A year or two under Nash will do wonders for him imvho.


----------



## WildByNature (Jul 13, 2005)

*Phoenix Suns*
Outgoing Players: James Jones, Marcus Banks

Incoming Players 
-Earl Boykins (PTS: 10.9 REB: 1.5 AST: 4.1 PER: 14.62)
Salary: $2,950,000 Years Remaining: 1

-Reggie Evans (PTS: 6.7 REB: 8.2 AST: 0.8 PER: 15.50)
Salary: $4,000,000 Years Remaining: 5 


*Denver Nuggets*
Outgoing Players: Earl Boykins, Reggie Evans

Incoming Players 
-James Jones (PTS: 3.5 REB: 2.0 AST: 0.7 PER: 5.82)
Salary: $2,650,000 Years Remaining: 2


-Marcus Banks (PTS: 3.8 REB: 1.1 AST: 1.4 PER: 7.30)
Salary: $3,600,000 Years Remaining: 5

Would PHX and DEN do this trade?


----------



## nffl (Jun 25, 2006)

WildByNature said:


> *Phoenix Suns*
> Outgoing Players: James Jones, Marcus Banks
> 
> Incoming Players
> ...


PHX yes, DEN no.


----------



## rdm2 (Sep 17, 2005)

I would take that DEN/PHX in a heartbeat......


But Denver wouldn't.


----------



## Hyperion (Dec 5, 2006)

WildByNature said:


> *Phoenix Suns*
> Outgoing Players: James Jones, Marcus Banks
> 
> Incoming Players
> ...


They won't trade Junior, he is going to be a stud in a year and they know it. Besides Boykins has gone off on multiple occasions for 30+pts. Neither Banks nor Jones have scored that many points in their whole careers!


----------



## dru_jones (Dec 1, 2006)

who's junior? 

i also don't think the nuggets are going to sign off on this deal of yours. 
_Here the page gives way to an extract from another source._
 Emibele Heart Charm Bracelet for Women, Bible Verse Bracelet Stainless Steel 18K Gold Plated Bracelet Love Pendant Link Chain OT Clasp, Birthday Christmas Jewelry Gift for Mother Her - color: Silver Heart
if the suns do trade marcus, it would be to another team with a big need for a point guard. i know the cavs need a point guard. woud love for the suns to get varejao, they could package another spare swingman (piatkowski, james or jumaine) plus one of the suns first rounders next year.


----------



## Hyperion (Dec 5, 2006)

dru_jones said:


> who's junior?


james jones


----------